There is no area of life which isn’t going to be effected by the decision to leave the EU – it is a decision which has the potential to define the direction of the country for decades to come. Whether this is a positive or negative depends on your view point, however this decision, and the potential knock on factors have the potential to reshape elements of the university sporting programme.
How legislation looks around students entering the U.K. will no doubt impact the number of students coming to the UK from Europe, and also what universities decide to regarding the setting of fees. Will they be increased to match those of students coming from outside of EU or stay as they are now in line with U.K. fees? My guess would be at least somewhere in the middle with leading academics and vice-chancellors having expressing serious concerns including the VC of Oxford Brookes describing a hard ‘Brexit’ (I hate that word) in the Guardian as ‘the biggest disaster for the university sector for many years’.

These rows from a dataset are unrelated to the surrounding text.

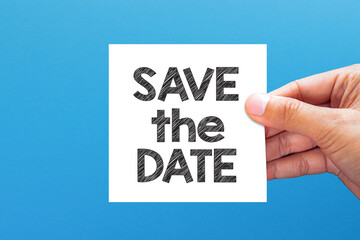 Save the date. Save the date message with white note paper on blue background.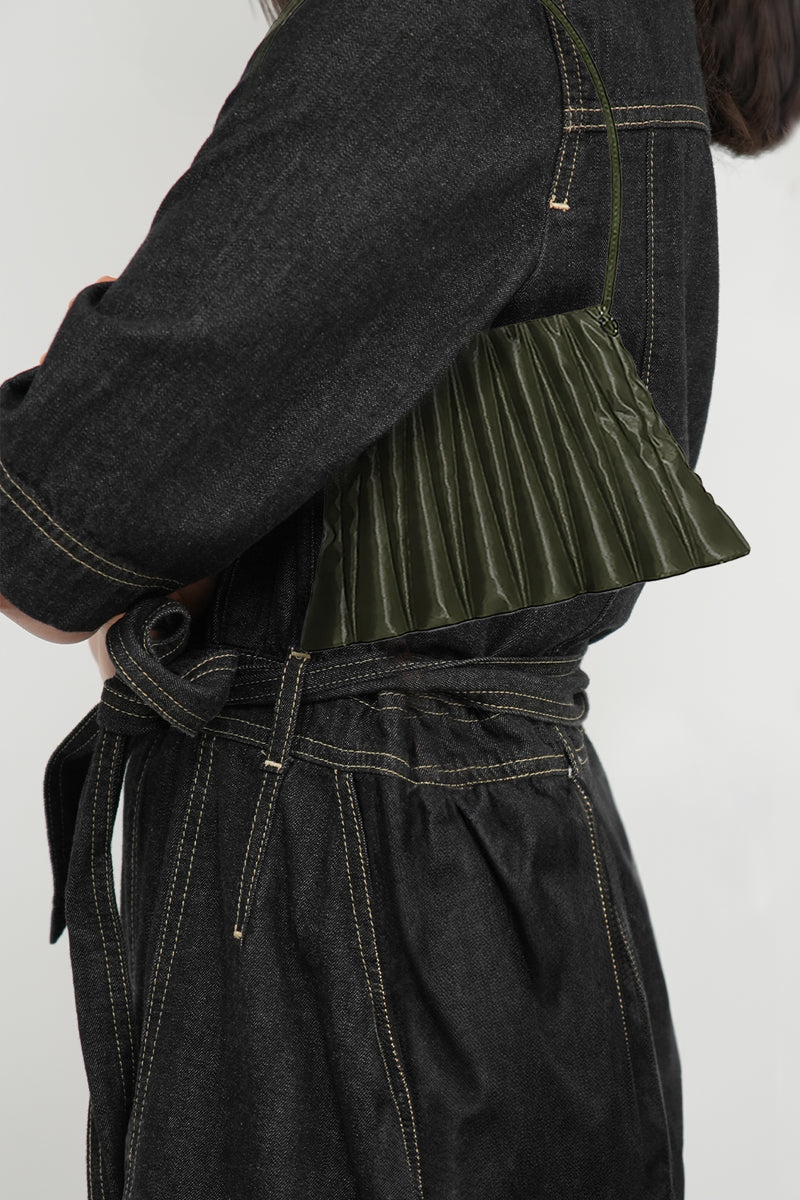 Touchless Olive Liquid Treasure shoulder bag with sleek design and silver hardware, stylish for casual or evening wear.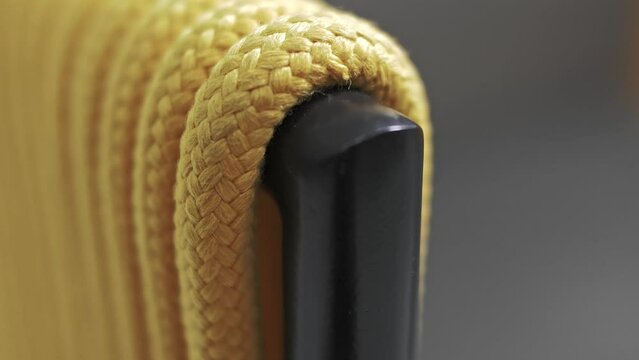 Yellow rope exterior chair armrest and aluminum frame. Close-up 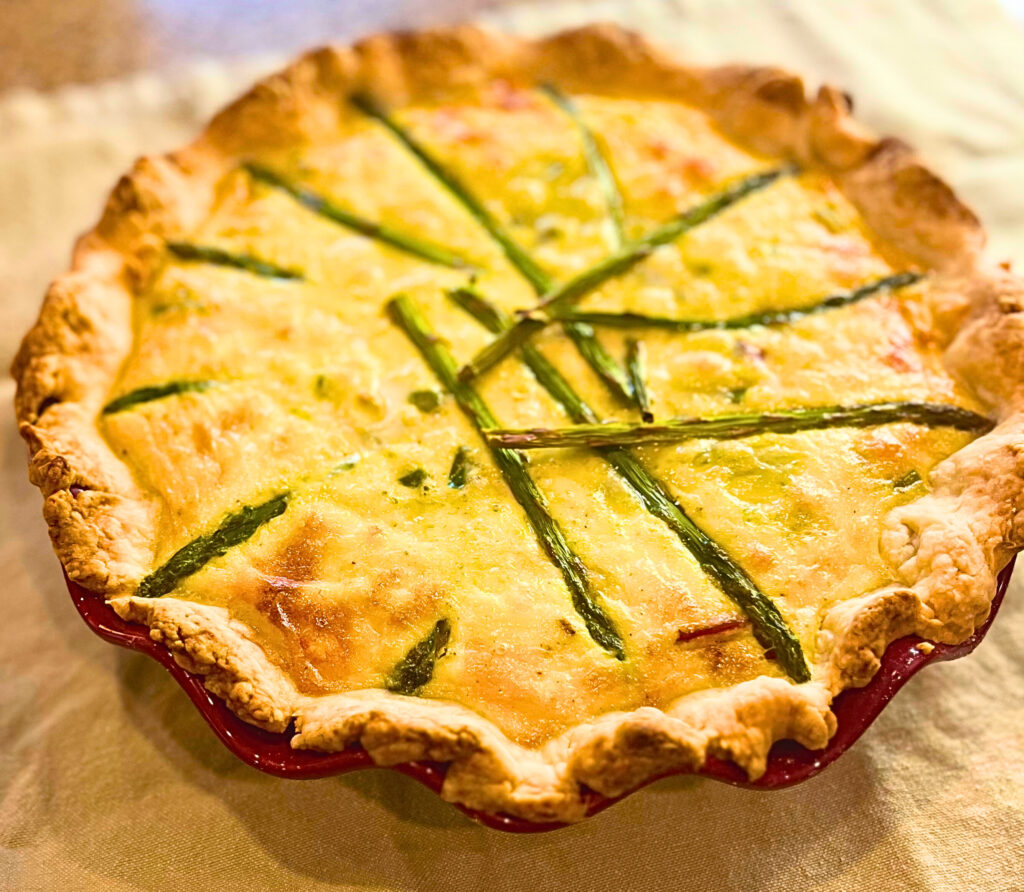 An Asparagus and Swiss Cheese Quiche on a linen napkin.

The tone of the speech given by the Prime Minister last week, including where she still hasn’t been able to give guarantees about the status of EU nationals inside the UK (and also saying some other European leaders were posing some challenges around this), would indicate that negotiating easy access for European students to the UK may not be an easy ride.
Universities receive significant levels of funding both from EU students and a variety of other means (which I am not expert on), but not receiving these funds (if that ends up being the case) may lead to prices having to increase elsewhere, alongside potential fee hikes. Will membership fees of sports clubs and facilities need to up to cover less central funding being received? Will ever increasing fees lead to more students focusing purely on education and extra-curricular becoming more of a side show? Will it lead to a decrease in people wanting to commit to BUCS sport but more to participation programmes? Who knows.
The funding gap could well impact UK students fees as well now universities have more opportunity to look at fee increases, and there are other potential knock-ons which have could see significant changes. The Scottish First Minister has clearly indicated on a number of occasions that, as Scotland have voted to remain in the EU, they wish to retain membership, and last week’s speech, where the Prime Minister indicated the UK will not be part of the single market or the customs union in its current form, indicates that a second referendum has become more likely.
A leave vote would then question the role of Scottish universities in BUCS sport, especially if there were border restrictions. This would lead to a significant shake up in the league table with Edinburgh and Stirling in particular well established universities, but also the running of the organisation which relies heavily on membership fees – losing 24 members of approximately 160 would come at a cost.
On the flip side, could movement from other parts of the world become easier? Countries like the US (with Donald Trump indicating he is very keen to speak to UK regarding trade deals) be more open as they are dealing with one country and not a whole union? Could this make it easier for American students to come into the UK and support our growing Lacrosse, Basketball and American Football programmes? Who knows?
The reality is, although we will all be effected, no one knows. My views on it, as have probably come through are that leaving has a potential of being extremely damaging, although being honest, who knows where we will be this time next year. Did anyone think at the start of 2016 we would have voted to leave and seen Donald Trump elected as US President? I haven’t met anyone who did, so I wouldn’t put it past something happening in the next 12 months which none of us expect, which may change the landscape again.